|
From: Nicholas N. <nj...@ca...> - 2003-11-27 12:02:41
|
Hi, I've given REP prefix handling in vg_to_ucode.c a thorough overhaul. There was a whole lot of code duplication in there, eg. the codegen_REPE_SCAS() contained all the code in codegen_SCAS(), (ditto for all the other ones), and various other stupidities. All up I cut about 220 lines of code, and generalised it so that adding missing REP prefixed instructions in the future will be a whole lot easier. I also clarified the difference between REP and REPE a bit (briefly, the same code is used for REP and REPE, but REPE only applies to scas & cmps, whereas REP applies to lods, stos, ins, outs and movs). I have a couple of questions about this before I commit it in the HEAD, though. 1. What is the point of "rep lods"? AFAICT, it loads multiple words from the address pointed to by %esi into %eax. I assume Intel just let you REP-prefix it for consistency with the other string ops? Valgrind doesn't handle it currently, I don't imagine anyone ever used it. 2. Are REP prefixes widely used? Because our current implementation of them is pretty sucky. In particular, fetching the D-flag via a C call every time around the loop must be hurting us badly (the D-flag can never change in the middle of a REP-loop -- that requires a CLD/STD, right?) I could quite easily pull the C call out the front so it's only done once per REP. 3. I've seen some other opportunities for code factoring in vg_to_ucode.c. In particular there are loads of jumps like this: uInstr1(cb, JMP, 0, Literal, 0); uLiteral(cb, d32); uCond(cb, CondAlways); for which a function could be factored out. This would cut code, which is good. But there'll be lots of small changes, which would be bad for anyone who has fiddled with vg_to_ucode.c in their workspace. Would committing this annoy anyone? I can hold off if so. N |
|
From: Nicholas N. <nj...@ca...> - 2003-11-27 12:17:48
|
On Thu, 27 Nov 2003, Nicholas Nethercote wrote: > I also clarified the difference between REP and REPE a bit > (briefly, the same code is used for REP and REPE, but REPE only applies to > scas & cmps, whereas REP applies to lods, stos, ins, outs and movs). This is unclear: by "the same code" I mean the same byte (0xF3) is used in the machine code, ie. 0xF3 means REP or REPE, depending on the following instruction. N |
|
From: Tom H. <th...@cy...> - 2003-11-27 12:22:07
|
In message <Pin...@gr...>
Nicholas Nethercote <nj...@ca...> wrote:
> 2. Are REP prefixes widely used? Because our current implementation of
> them is pretty sucky. In particular, fetching the D-flag via a C call
> every time around the loop must be hurting us badly (the D-flag can never
> change in the middle of a REP-loop -- that requires a CLD/STD, right?)

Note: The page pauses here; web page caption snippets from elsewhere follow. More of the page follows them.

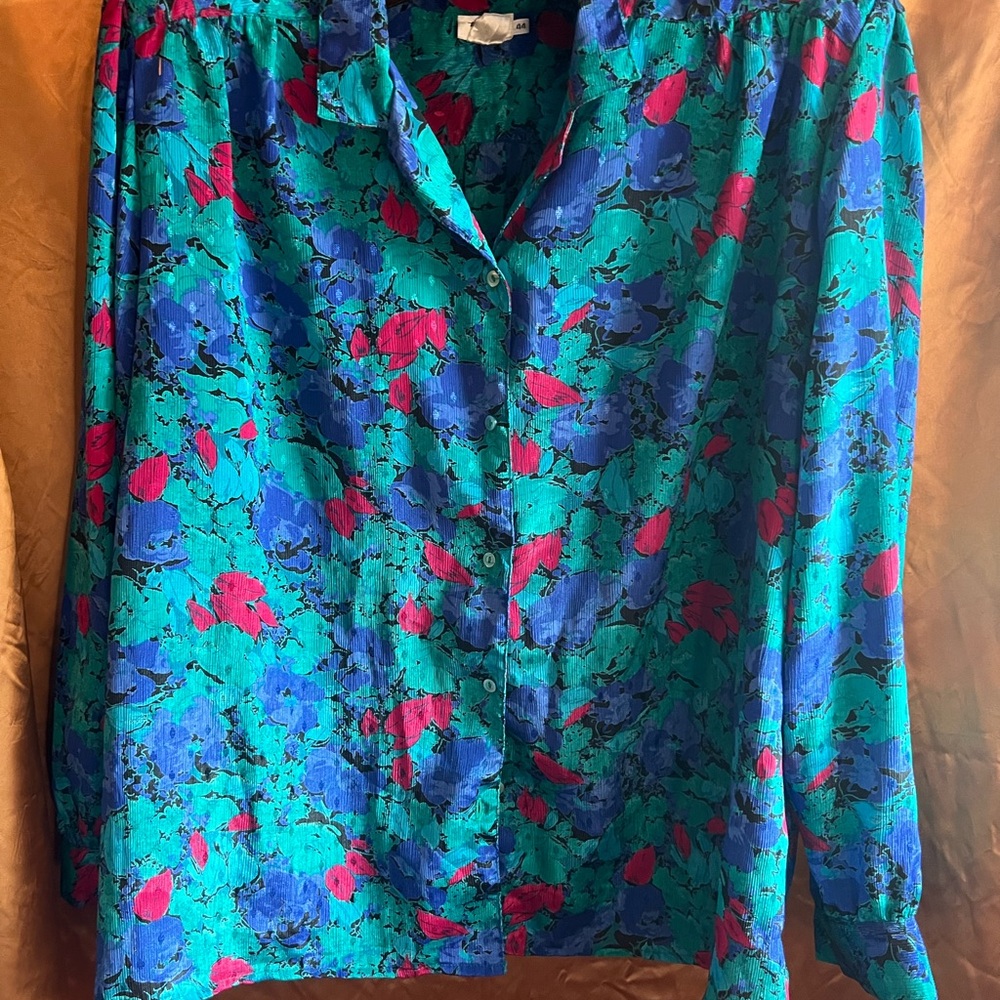Vintage 1980/ Vibrant Floral Blouse TanJay Plus Size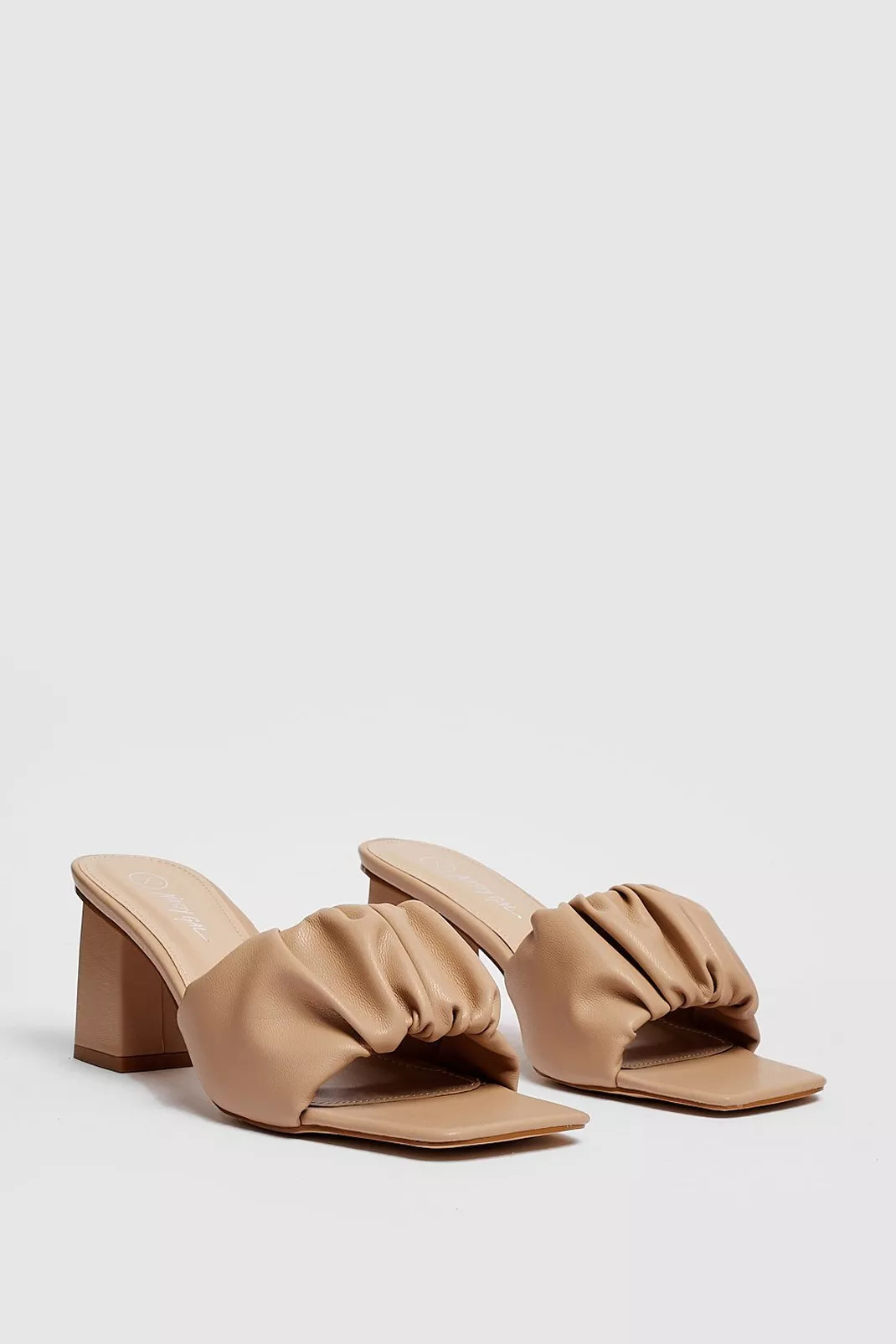 Faux Leather Ruched Strap Heeled Mules | Nasty Gal (US)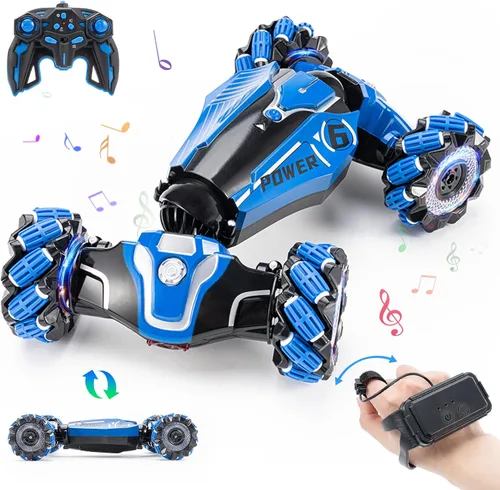 Vista 11 de Coche Acrobático RC con Sensor de Gestos, 4WD Drift Controlado a Mano con Giros de 360°, Truco de Luces y Música, Coche de Juguete es un Genial Azul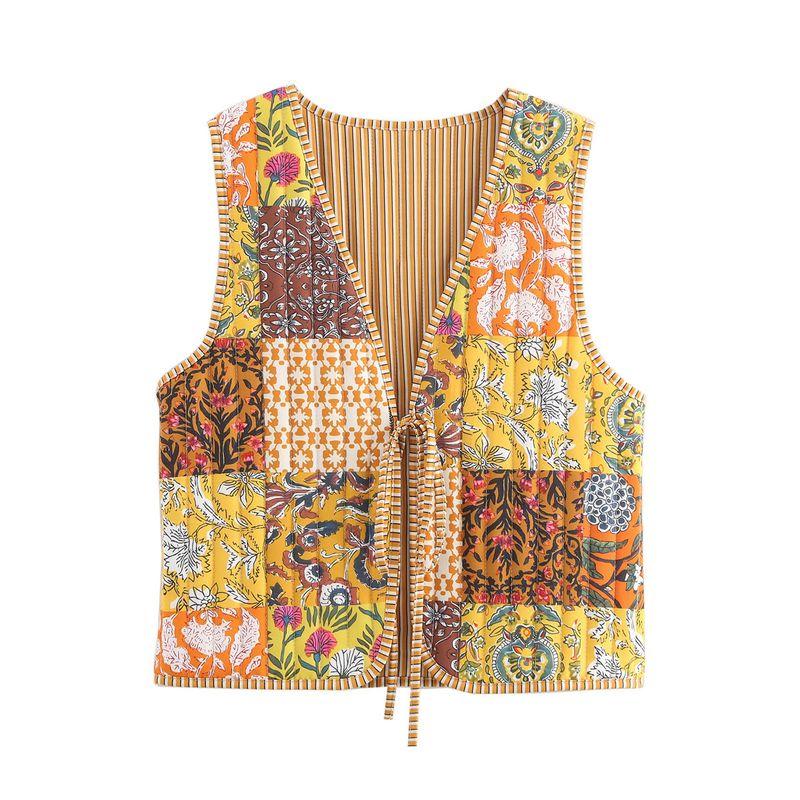 

Cotton Jacket2025 Fall and Winter New European and American Women s Clothing Street Fashion Two-Sided Wear Print Cotton Coat Jacket Yellow Print vest Vest M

> I could quite easily pull the C call out the front so it's only done once
> per REP.
Well REPZ and REPNZ are used quite a lot for inlining various string
operations. A quick scan of one of our programs shows 1424 REPZ/REPNZ
prefixes in a 10Mb executable.
Tom
--
Tom Hughes (th...@cy...)
Software Engineer, Cyberscience Corporation
http://www.cyberscience.com/
|
|
From: Dirk M. <dm...@gm...> - 2003-11-27 12:26:41
|
On Thursday 27 November 2003 13:02, Nicholas Nethercote wrote: > 1. What is the point of "rep lods"? AFAICT, it loads multiple words from > the address pointed to by %esi into %eax. I think you can quickly scan for a 0 byte/word/dword this way. the REP instructions became quite unpopular lately as doing it the "normal" ways is meanwhile faster with recent CPUs rather than using the REPxx stuff. Afaik no compiler generates those sequences anymore, so you'll only hit in very old applications that contain 5 year old assembler sequences. As long as nobody complains, don't bother. |
|
From: Nicholas N. <nj...@ca...> - 2003-11-27 12:52:33
|
On Thu, 27 Nov 2003, Dirk Mueller wrote:
> > 1. What is the point of "rep lods"? AFAICT, it loads multiple words from
> > the address pointed to by %esi into %eax.
>
> I think you can quickly scan for a 0 byte/word/dword this way.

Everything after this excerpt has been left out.